SNV

Options

Option

Description

Argument

--samples

Sample names. It determines the plotting order.

If “NA” all samples are used [default NA]

[char …]

--gipOut

GIP output directory [default gipOut]

[char]

--outName

Output name [default gipOut/sampleComparison/SNV]

[char]

--chrs

Chromosomes to use. If “NA” it uses the same chromsomes as GIP

[default NA]

[char …]

--coordCartesianYlim

Max y-axis value for density plots

If "NA" the value is automatically attributed [default NA]

[double]

--minVRF

Discard SNVs with frequency < –minVRF [default 0]

[double]

--maxVRF

Discard SNVs with frequency > –maxVRF [default 1]

[double]

--denLineSize

Density plot line thickness [default 1]

[double]

--SNVopacity

Opacity value of the dots representing SNVs.

Max 1, Min 0 [default 1]

[double]

--showCoverage

Overlay sequencing coverage

--covLineSize

Coverage line thickness.

DEPENDENCY –showCoverage [default 0.5]

[double]

--smoothingFactor

Merge and average the normalized coverage of this number

of adjacent bins.
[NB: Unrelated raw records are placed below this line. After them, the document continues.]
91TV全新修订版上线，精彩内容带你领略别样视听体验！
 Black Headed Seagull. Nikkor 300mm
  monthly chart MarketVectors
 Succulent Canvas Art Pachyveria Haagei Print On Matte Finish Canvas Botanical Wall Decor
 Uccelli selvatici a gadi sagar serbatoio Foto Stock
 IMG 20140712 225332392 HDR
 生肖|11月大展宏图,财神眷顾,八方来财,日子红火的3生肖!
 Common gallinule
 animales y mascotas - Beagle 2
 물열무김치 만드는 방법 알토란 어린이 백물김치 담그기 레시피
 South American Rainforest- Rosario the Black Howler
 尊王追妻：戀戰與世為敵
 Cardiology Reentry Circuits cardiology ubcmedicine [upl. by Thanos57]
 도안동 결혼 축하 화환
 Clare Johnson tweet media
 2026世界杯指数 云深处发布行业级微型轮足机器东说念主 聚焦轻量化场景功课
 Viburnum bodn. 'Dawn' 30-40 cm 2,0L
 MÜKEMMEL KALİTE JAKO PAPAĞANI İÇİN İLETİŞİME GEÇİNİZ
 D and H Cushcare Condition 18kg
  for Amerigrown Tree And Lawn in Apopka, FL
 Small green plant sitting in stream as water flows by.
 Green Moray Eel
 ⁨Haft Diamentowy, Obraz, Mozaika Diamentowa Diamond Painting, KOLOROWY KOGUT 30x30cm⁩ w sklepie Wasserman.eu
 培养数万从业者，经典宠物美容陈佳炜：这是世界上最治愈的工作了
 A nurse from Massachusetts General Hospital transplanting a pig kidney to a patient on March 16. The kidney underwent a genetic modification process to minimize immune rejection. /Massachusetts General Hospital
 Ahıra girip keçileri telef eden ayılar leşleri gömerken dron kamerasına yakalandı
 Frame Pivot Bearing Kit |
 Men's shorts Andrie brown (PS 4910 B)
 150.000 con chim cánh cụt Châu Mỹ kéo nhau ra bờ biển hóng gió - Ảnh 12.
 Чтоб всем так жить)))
DEPENDENCY –showCoverage [default 30]

[double]

--maxCov

Normalized coverage values > --maxCov are shown

as --maxCov. DEPENDENCY –showCoverage [default 5]

[double]

--customColors

TSV file with 2 columns named “SAMPLE” and “COLOR”

indicating the color to be used for each sample

If “NA” colors are automatically assigned [default NA]

[char]

--randomSNVtoShow

Number of random SNV to show in scatterplots.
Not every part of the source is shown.